If the opposition had been better organized, or the pro-electricity lobby
had not been so well funded, or if a man named Bruce Fairchild Barton had not come along
when he did, the grid might never have formed.
(Nick Rosen: Off the grid, pp. 29-30)
Thanks to GE, the American housewife, as portrayed in advertisements of this
period, was a pitiable creature —isolated in her home, demanding
evermore electrical goods while her husband went off to work. No wonder that
by the early 1970s, as the back-to-the-land movement gatherd pace, many
educated American women no longer wished to be one.

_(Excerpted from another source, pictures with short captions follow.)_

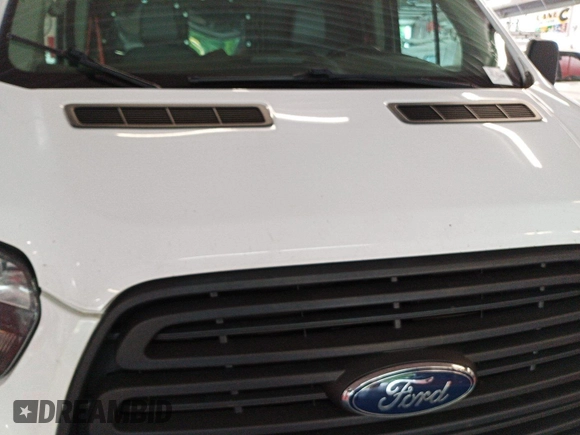 2016 Ford Transit Cargo z VIN 1FTYE1YM8GKB19172, wystawiony jako IAAI lot #42788511 z przebiegiem 143 978 mil mil oraz . Historia ofert i sprzedaży dostępna na DreamBid. Obrazek 8.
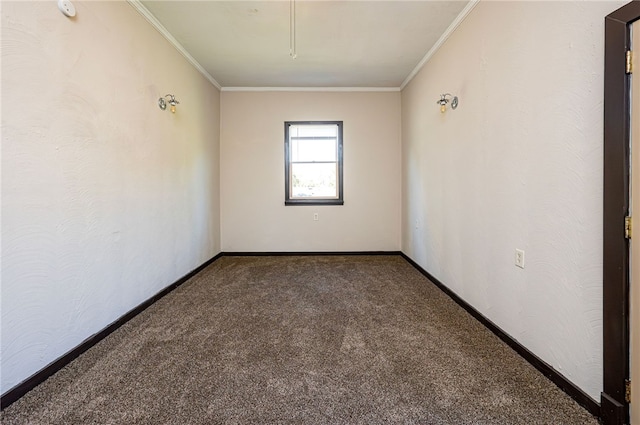 carpeted spare room featuring ornamental molding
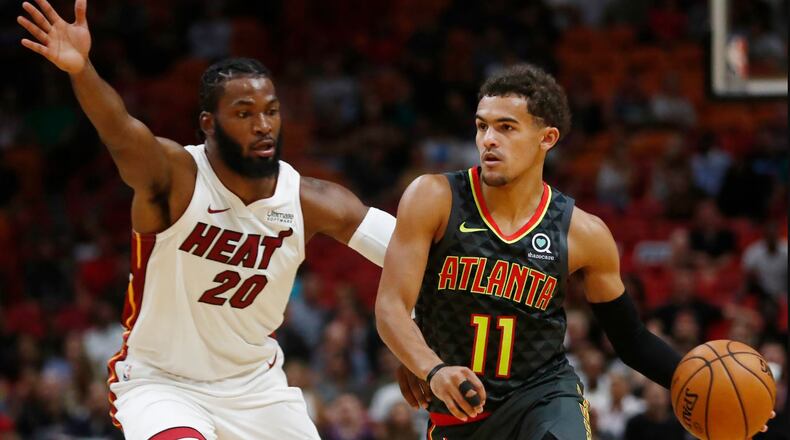 Trae Young drives against Miami's Justice Winslow during Monday's game. (AP Photo/Brynn Anderson)
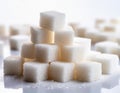A pile of white sugar cubes on a white background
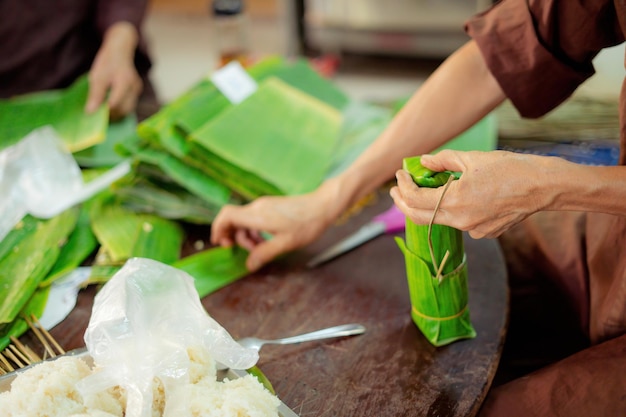 Foco anciana con vestido tradicional vietnamita ao ba ba Hacer envoltura Tet Cake el año nuevo lunar vietnamita Tet comida al aire libre con las manos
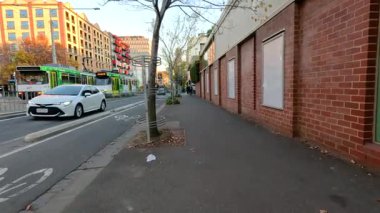 Tramvay, yayalar ve tuğla binaların yer aldığı kentsel sokak manzarası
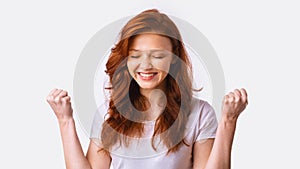 Excited Teen Girl Gesturing Yes Shaking Fists, Panorama, Studio Shot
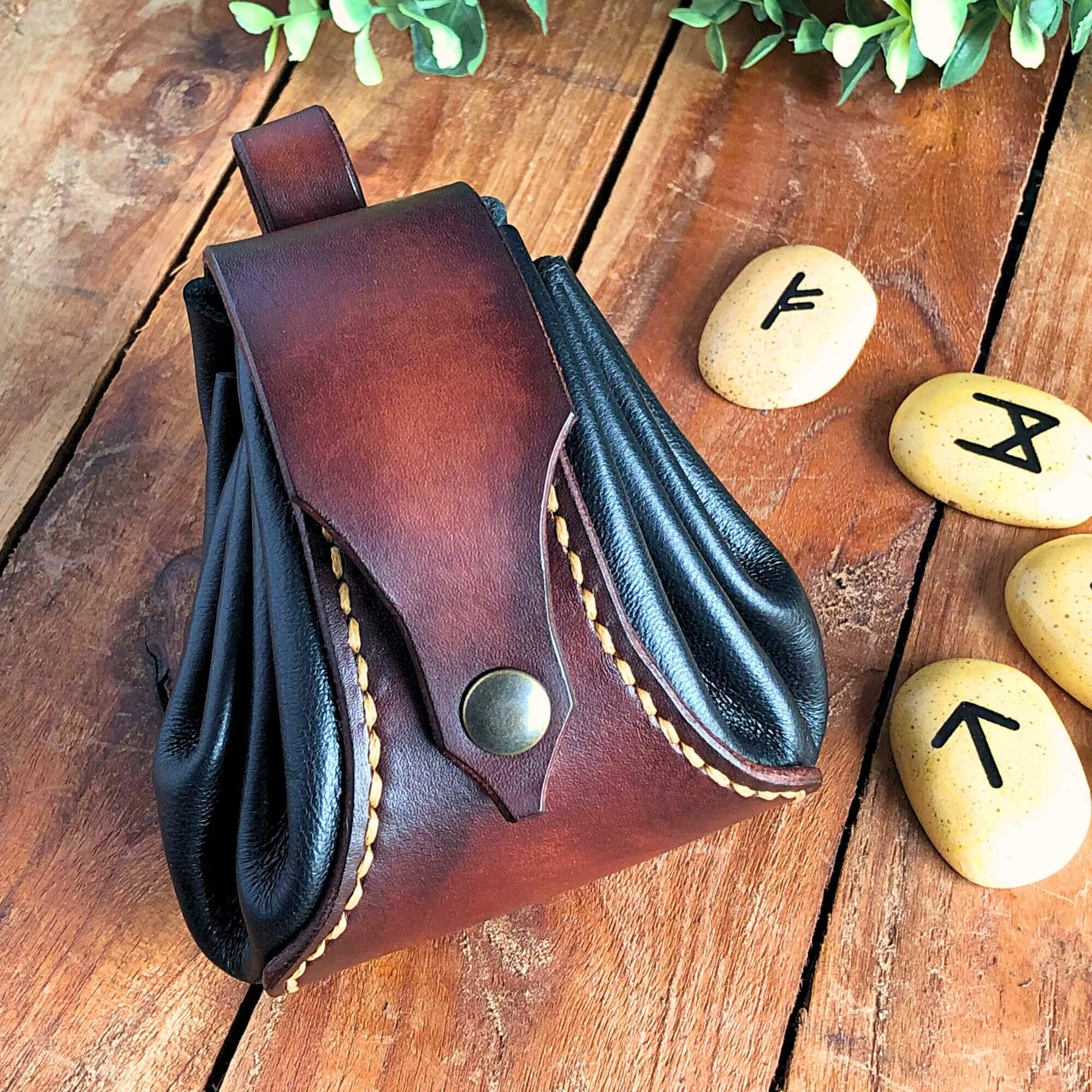 Small Wallet Bundle 18 Brown and black Leather drawstring dice pouch with rune stones next to it on a wooden background
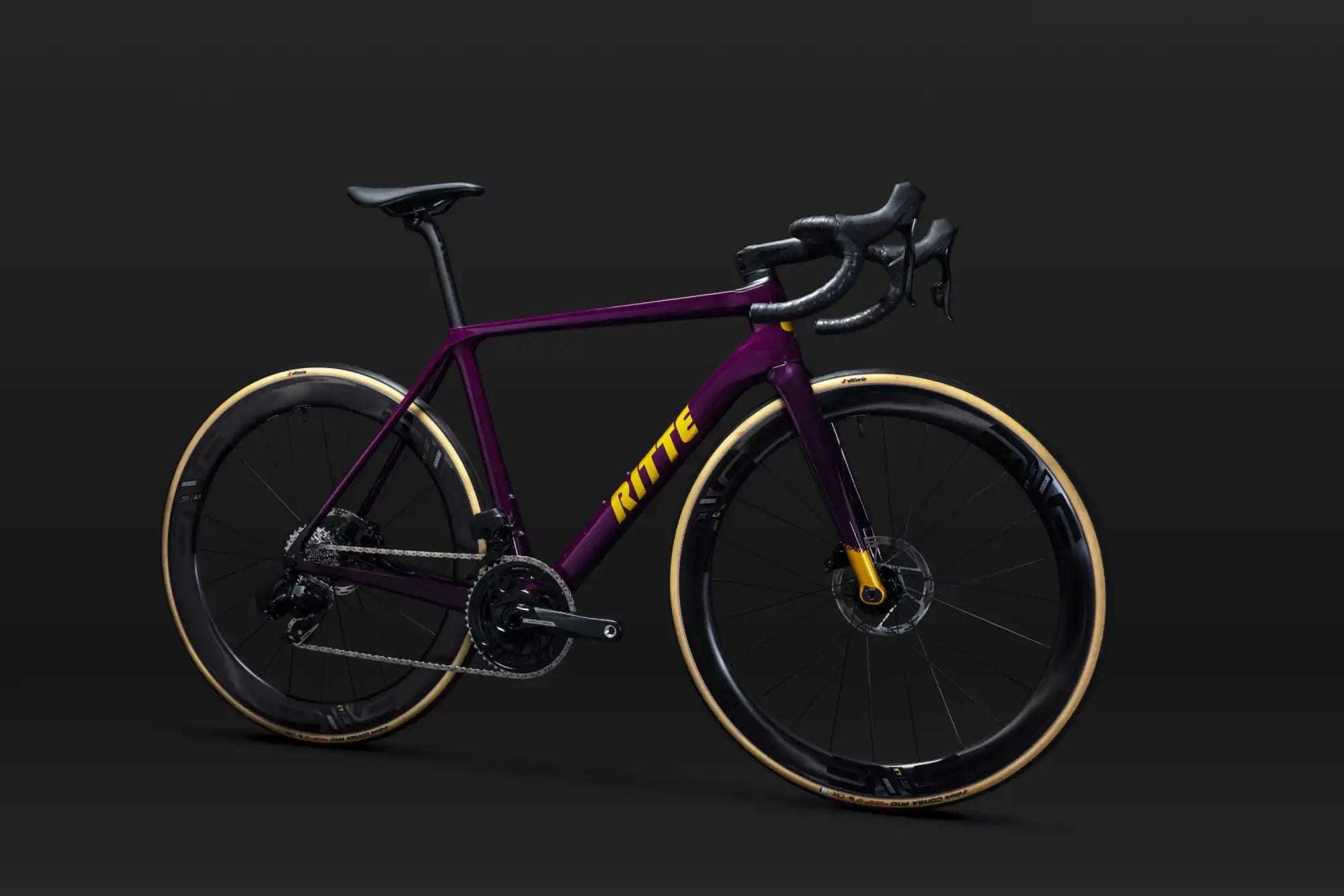 Sleek purple road bike with black handlebars and tan sidewall tires.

(Nick Rosen: Off the grid, p. 33)
Imagine for a moment that the smart grid does work, that in the future
the entire US grid will consist of power switching this way and that as sensors
convey usage information to central computers, the price varying depending
on demanda. Who is going to decide who will get that last extra unit of
energy on a sweltering day when everyone is using the air-conditioning? Will
it be the steel mill in Pittsburgh? Or the little old lady short of breath in
the heart of Georgia? It will be decided by a pricing mechanism of some sort,
and rather like airline tickets, electricity will be relatively cheap when
nobody wants it, and jaw-droppingly expensive when demand is at its peak. For
the big corporations with their managerial approach, this is perfect. What
about everyone else?
(Nick Rosen: Off the grid, p. 39)
Many of the same conflicts and principles that drove the expansion of the
electricity business also drove the water-supply industry in the early
twentieth century. The push for size obscured arguments about the public
interest; scale was everything. Businessmen and politicians agreed on this
assessment. Population growth, especially in the Western states, was only
part of the reason. Industrial processes needed more water, and the water
industry itself preferred big projects.
But there is only one crucial difference between water and electricity:
Water is essential for life; power, while highly desirable and life-enhancing,
is non-essential.
The initial demand for pure water delivered under pressure came from
firefighters and from the health industry, especially as the germ theory of disease spread from the
UK to America. As cities grew they needed more water, so battles began
between those who wanted to bring it to the cities and those (mainly farmers
and other property owners with water rights) who wanted to leave it where it
was.
The pattern was established. Tension between municipal authorities and
private water companies led, in many cases, to the municipalization of the
water companies. Once they were brought under government control, they became
tools of the politicians, and were used to line individual pockets, to
promote population policy, and, in particular, to promote the growth of
metropolitan areas. The political parties preferred to focus on urban
initiatives because it was easier to bring out the vote in densely populated
cities.
(Nick Rosen: Off the grid, pp. 40-41)
For a long time the health-related arguments for centralized, carefully
monitored water have prevailed. But the belief that water is healthier when
it is centralized has now reversed, and in many cases the water is now
healthier when it is not centralized. It still needs to be treated and
filtered, and that can now be done locally. The point of collection can
be the same as the point of consumption, and that means greater predictability
and contol for the end user. In the same way that energy from a solar panel
on the roof will not diminish traveling down the wire, water sourced on site
does not go through a transmission system and cannot be contaminated.